Las palabras tienen tanto poder como la imagen, las palabras son las que enturbian, las palabras directas. Enturbian, pues las más sinceras salen de un ser al que los pervertidos pervirtieron de niño, un ser a quien apenas se le entienden dos lamentos entre multitud de balbuceos ebrios… pero los dos lamentos que se entienden atacan directamente al corazón. Hieren. Incomodan. Las de quienes pervirtieron son palabras que asombran, son la confesión que a todos nos gustaría escuchar. Es una respuesta.
La verdad. La verdad sobre una Iglesia depravada, corrompida por sus propias prohibiciones y el doble filo de sus sermones. Sí, hablamos de abusos a menores, de robo de niños, de asesinatos y de otras cosas que nadie quiere ni puede recordar. Los pecados de cuatro curas que conviven en una casa custodiada por una monja de mirada pícara. Mujer.
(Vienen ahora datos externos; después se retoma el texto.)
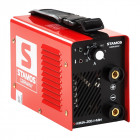 Poster à souder à l'arc - 200A - 230V - IGBT professionnel Helloshop26 3414002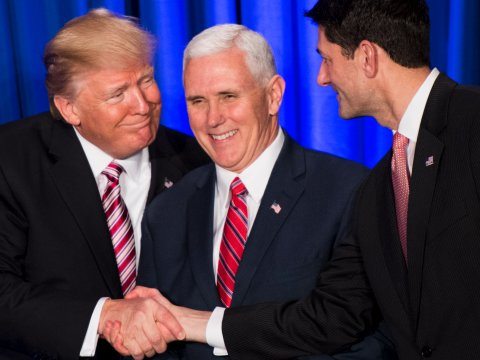 A Pence Takeover—Julian Assange Leaks Intel! And Paul Ryan Utters One Sentence That’ll Ruin Him Forever!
La única que pone coherencia e impone autoridad en un entorno dominado por hombres caprichosos, los mismos que otorgaron a Dios el género masculino.
Pablo Larraín hila fino en El Club, pone en evidencia lo evidente, humaniza lo divino y en cierto modo demoniza lo humano -quizá no él sino la religión-, hace en el fondo un digno estudio antropológico.